Lena Lotta Sticken
Adv. Artif. Intell. Mach. Learn., XX (XX):-
1. Lena Lotta Sticken: University of Sopron, Alexandre Lamfalussy Faculty of Economics, István Széchenyi Economics and Management Doctoral School, Sopron, Hungary
DOI: 10.54364/AAIML.2026.62300
Article History: Received on: 01-Feb-26, Accepted on: 01-Apr-26, Published on: 07-May-26
Corresponding Author: Lena Lotta Sticken
Email: lenasticken@yahoo.de
Citation: Safaâ Houna and Lena Lotta Sticken. AI-Enabled Nudges in Executive Innovation Decision-Making: A Systematic Review and Research Agenda. Advances in Artificial Intelligence and Machine Learning.2026. (Ahead of Print) https://dx.doi.org/10.54364/AAIML.2026.62300
Behavioural interventions as well as Artificial Intelligence (AI)-enabled decision-support
systems are increasingly shaping executive decision-making within innovation contexts. A
growing number of studies on Nudge Theory, behavioural economics, and digital decision
architecture have been produced; however, many remain unsystematic and disproportionately
focus on operational/individual-level applications. Therefore, there is relatively little empirical
evidence to support how AI-enabled nudges affect the executive-level strategic decision-
making process regarding innovation investment decisions. Furthermore, the existing body of
literature fails to demonstrate any theoretical linkages between Nudge Theory, Construal
Theory, and Upper Echelons Theory. The results of this study highlight three specific areas
where there is a lack of empirical research within the literature: 1) there are very few empirical
studies investigating the use of AI-enabled nudges by Chief Executive Officers (CEOs) and at
the C-level; 2) there is a lack of theoretical relationships between Nudge Theory, Construal
Theory, and Upper Echelons Theory; and 3) core mechanisms for executive strategic decision-
making (i.e., uncertainty reduction, psychological distancing and bias mitigation) are not
adequately conceptualised or operationalised when investigating innovation decision-making.

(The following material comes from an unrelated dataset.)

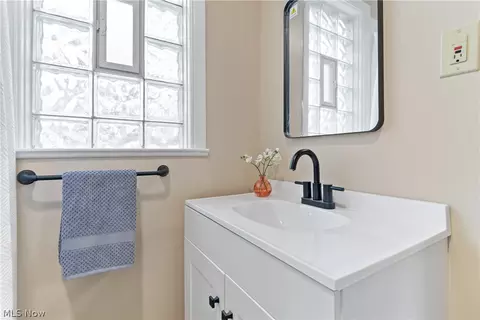 Bath - 462 Spaulding St, Akron, OH 44310 photo 2 of 5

The findings from the systematic literature review provided a systematised view of AI-enabled
nudges functions as decision-support architectures that instantiate executive cognition,
organisational processes and strategic evaluation at the executive level. This research sets out a
systematic future research agenda that defines key mechanisms, ethical issues and boundary
conditions to support future empirical investigations. Overall, findings provided through this
research show that AI-enhanced nudges offer a theoretical basis by which informed and
transparent innovation decisions can continue to be made at the executive level and therefore
support firms’ ability to be innovative over the long-term.